Page 1 of 1

unidecode(uniencode()) removes characters??

Posted: Mon Oct 12, 2009 8:23 am
by hliljegren
If I do a:

Code: Select all

put unidecode(uniencode("åäö are som swedish characters", "utf8"))
the result is:

Code: Select all

 are som swedish characters
The swedish characters are stripped from the text! Am I missing something or what?

If I strip the "utf8" part (which converts to UTF-16 if I understand things correctly) everything works fine, but I really need to convert to UTF-8 as my database stores all fields in that format.

Should I file a bug towards runrev or towards my own knowledge? ;)

Posted: Mon Oct 12, 2009 10:56 am
by Mark
hliljegren,

Your script should be like this:

// convert to RunRev unicode (UTF16)
put uniencode("åäö") into myUnicode
// show unicode in field
set the unicodeText of fld 1 to myUnicode
// convert to UTF8
put unidecode(myUnicode,"UTF8") into myUTF8

What you get in myUTF8 is binary data. You can't put that into a field, but you can write it to a file, or your database, and tell a text editor to open it as UTF8.

Best regards,

Mark

Posted: Mon Oct 12, 2009 11:07 am
by Mark Smith
I think you need to move the "utf8" declaration into the unidecode call:

Code: Select all

unidecode(uniencode("åäö are som swedish characters"),"UTF8")
The way you had it will translate a string from utf8 to whatever your system's encoding is.

Best,

Mark Smith

Posted: Mon Oct 12, 2009 11:24 am
by hliljegren
Aha! Thanks!

If I understand your last post correct I can't translate a string directly to UTF-8 via uniencode. Instead uniencode ALWAYS translates to UTF-16.

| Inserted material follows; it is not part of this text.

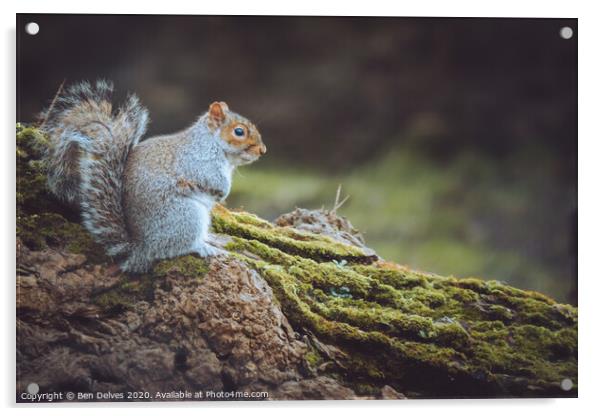 Grey Squirrel Acrylic by Ben Delves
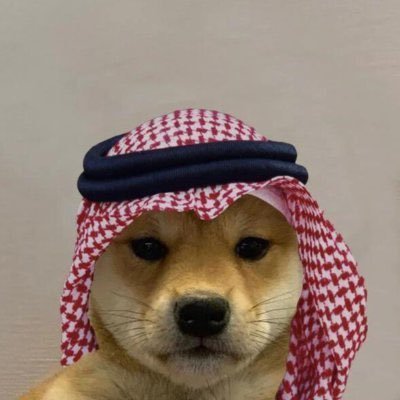 Dog Wif Hat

So uniencode(myText, utf8) translates a UTF-8 encoded into UTF-16 and thus to get a string from a field to utf-8 format I need to encode it to UTF-16 and then "decode" it to UTF-8 which I then can send to my MySQL database.

Correct?

Posted: Mon Oct 12, 2009 2:09 pm
by Mark
Hi Mark,

From the docs:
If you don't specify a language, the uniDecode function returns the stringToDecode, with every second byte removed.
As far as I can see, this is independent from any encoding.

Best,

Mark